(INSTRUCTIONS TO FOLLOW): What you need to produce from the material below is an exact transcription of the lines from the one with "NUAGE SKIN FACIAL SCRUB 150ML" through the one with "Saudade não tem", both included, and no other line.

── INFORMATION PROVIDED

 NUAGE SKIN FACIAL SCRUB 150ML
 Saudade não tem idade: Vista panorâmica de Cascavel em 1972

────
── INFORMATION PROVIDED

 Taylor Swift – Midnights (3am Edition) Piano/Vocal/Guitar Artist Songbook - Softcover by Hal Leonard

────
── INFORMATION PROVIDED

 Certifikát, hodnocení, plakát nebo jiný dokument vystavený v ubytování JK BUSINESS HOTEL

────

(TASK SOLUTION):
 NUAGE SKIN FACIAL SCRUB 150ML
 Saudade não tem idade: Vista panorâmica de Cascavel em 1972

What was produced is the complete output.